Donneurs de voix : Projet collectif | Durée : 1h 38min | Genre : Philosophie


Platon

« « Me dirais-tu bien, Socrate, si la vertu peut s’enseigner, ou si elle ne le peut pas et ne s’acquiert que par la pratique ; ou enfin si elle ne dépend ni de la pratique ni de l’enseignement, et si elle se trouve dans les hommes naturellement, ou de quelque autre manière ? » (Ménon).
Cette question, si doctement formée par Ménon était une question débattue traditionnellement à Athènes devant les élèves des Grands Sophistes. Elle trouve, pourtant, en Socrate, un élève indocile. Il voudrait, en effet, obtenir d’abord une définition de la vertu, pour pouvoir déterminer sa réponse à cette question. Dans cet effort de recherche d’une définition, Ménon va s’épuiser, et il faudra finalement l’aide d’un interlocuteur inattendu, un petit esclave de ce même Ménon, pour qu’apparaisse le principe d’une réponse vraie, dans la thèse selon laquelle « apprendre » n’est rien d’autre que « se ressouvenir ». Mais Ménon ne cessera de vouloir précipitamment revenir à la réponse dans les termes de sa question initiale.

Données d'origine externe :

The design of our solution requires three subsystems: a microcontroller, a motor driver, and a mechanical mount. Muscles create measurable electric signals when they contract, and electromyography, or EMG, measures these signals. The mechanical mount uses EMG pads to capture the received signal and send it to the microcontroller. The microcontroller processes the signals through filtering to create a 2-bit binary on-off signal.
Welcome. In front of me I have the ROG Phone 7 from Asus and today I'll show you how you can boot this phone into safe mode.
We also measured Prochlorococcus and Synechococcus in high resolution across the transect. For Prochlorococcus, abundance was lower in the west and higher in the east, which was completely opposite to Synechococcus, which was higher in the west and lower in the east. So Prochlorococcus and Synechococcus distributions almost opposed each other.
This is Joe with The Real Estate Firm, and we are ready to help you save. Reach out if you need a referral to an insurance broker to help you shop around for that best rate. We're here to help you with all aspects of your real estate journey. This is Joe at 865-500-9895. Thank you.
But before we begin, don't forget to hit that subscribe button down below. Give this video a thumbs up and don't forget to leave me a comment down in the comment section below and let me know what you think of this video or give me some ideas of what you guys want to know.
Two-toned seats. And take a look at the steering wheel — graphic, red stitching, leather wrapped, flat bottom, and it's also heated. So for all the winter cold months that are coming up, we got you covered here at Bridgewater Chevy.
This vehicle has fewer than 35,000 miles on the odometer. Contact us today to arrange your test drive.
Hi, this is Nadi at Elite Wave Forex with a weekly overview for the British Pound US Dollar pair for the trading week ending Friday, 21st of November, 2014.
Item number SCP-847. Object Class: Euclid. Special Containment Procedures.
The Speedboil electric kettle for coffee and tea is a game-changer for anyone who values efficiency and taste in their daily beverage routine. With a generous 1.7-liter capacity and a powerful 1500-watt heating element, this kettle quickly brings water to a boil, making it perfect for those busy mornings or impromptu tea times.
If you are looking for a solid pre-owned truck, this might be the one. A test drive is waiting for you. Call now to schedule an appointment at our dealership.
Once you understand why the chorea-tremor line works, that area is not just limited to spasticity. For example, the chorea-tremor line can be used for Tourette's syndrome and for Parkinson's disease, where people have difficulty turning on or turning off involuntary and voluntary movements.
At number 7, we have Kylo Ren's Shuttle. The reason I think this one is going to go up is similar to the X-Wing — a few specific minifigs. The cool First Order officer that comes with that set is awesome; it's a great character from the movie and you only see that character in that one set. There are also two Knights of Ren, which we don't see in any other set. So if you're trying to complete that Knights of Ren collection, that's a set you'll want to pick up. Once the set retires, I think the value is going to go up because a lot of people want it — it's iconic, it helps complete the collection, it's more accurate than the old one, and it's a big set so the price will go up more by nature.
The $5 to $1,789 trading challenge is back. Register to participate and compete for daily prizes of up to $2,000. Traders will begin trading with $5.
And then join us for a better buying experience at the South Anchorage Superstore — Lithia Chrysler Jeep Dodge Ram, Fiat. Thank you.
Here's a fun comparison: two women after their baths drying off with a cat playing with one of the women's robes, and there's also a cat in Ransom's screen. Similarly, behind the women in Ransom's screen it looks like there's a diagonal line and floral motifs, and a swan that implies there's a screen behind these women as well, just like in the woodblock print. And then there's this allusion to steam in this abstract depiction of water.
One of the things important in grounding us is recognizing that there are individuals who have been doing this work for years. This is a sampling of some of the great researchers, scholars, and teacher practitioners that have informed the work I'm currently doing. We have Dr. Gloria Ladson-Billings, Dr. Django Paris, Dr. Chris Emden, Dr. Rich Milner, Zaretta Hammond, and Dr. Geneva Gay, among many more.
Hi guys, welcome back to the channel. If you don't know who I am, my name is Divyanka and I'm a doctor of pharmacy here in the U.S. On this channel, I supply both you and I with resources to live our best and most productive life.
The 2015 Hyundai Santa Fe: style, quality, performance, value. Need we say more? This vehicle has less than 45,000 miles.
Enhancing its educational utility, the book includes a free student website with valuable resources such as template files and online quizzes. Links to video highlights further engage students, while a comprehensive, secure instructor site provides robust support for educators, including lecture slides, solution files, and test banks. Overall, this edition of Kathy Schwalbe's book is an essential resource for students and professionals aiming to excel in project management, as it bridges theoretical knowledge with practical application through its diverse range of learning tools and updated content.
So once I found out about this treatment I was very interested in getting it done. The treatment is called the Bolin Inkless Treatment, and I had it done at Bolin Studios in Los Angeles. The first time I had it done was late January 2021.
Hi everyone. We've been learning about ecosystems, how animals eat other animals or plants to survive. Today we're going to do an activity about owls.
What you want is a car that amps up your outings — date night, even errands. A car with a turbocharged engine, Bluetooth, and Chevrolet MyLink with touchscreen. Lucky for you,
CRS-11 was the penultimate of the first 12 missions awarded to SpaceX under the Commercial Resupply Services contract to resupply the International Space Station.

Aussi, même en adaptant la méthode, et en prenant l’avis d’Anytos (futur accusateur de Socrate) sur l’existence de maîtres de vertu, comme les Sophistes, le sens des conclusions de la discussion restera-t-il, jusqu’à la fin, entaché d’équivoque. En effet, l’absence d’une élucidation complète de la notion de vertu compromet la réussite d’une conclusion.
La fin du dialogue semble donc sans conclusion. Pourtant, l’invitation à s’exercer à se ressouvenir, invitation faite au beau milieu du dialogue, trouve, à la fin de celui-ci, un terrain propice puisqu’il « s’est passé » quelque chose. Il faudra donc chercher et se souvenir de l’idée. Un maître d’esclave comme Ménon comprend-il la leçon, en quittant Socrate ? pourra-t-il oser repenser à la discussion menée avec l’esclave pour s’y instruire ? Saura-t-il changer de regard et de manière de vivre ?

Traduction : Victor Cousin (1792-1867).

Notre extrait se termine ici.